Amen, and after watching the contest I feel sorry for the boys that competed in it.


----------



## fleetwood macbull (Jan 23, 2004)

> Originally posted by <b>futuristxen</b>!
> For all you talking junk, did you watch the contest? She deserved to win.
> 
> No one else could even throw 3 dunks down. It was pathetic. She was the best dunker in the final. Just by virtue of the fact she could dunk.
> ...


are you kidding? if all the boys had to do was lumber up there and flip one over the rim to win, they all would have done it. Apparently, there are new rules. Girls can throw weak crap up there, and get great scores from the judges. The Boys can do the same dunk, and get reamed from the judges. Its fixed


----------



## HKF (Dec 10, 2002)

> Originally posted by <b>futuristxen</b>!
> 
> She's a hottie to boot.


Looking at her is weird to me.
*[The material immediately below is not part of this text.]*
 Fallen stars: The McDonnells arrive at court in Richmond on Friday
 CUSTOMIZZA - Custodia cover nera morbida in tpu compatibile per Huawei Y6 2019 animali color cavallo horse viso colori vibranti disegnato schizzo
She looks exactly like her brother Anthony. Scary.


----------



## futuristxen (Jun 26, 2003)

> Originally posted by <b>fleetwood macbull</b>!
> 
> are you kidding? if all the boys had to do was lumber up there and flip one over the rim to win, they all would have done it. Apparently, there are new rules. Girls can throw weak crap up there, and get great scores from the judges. The Boys can do the same dunk, and get reamed from the judges. Its fixed


In the finals if they would have just done that they would have won. But they flat out missed every dunk. JR Smith missed like 4 straight dunks. Darius Washington missed like 3...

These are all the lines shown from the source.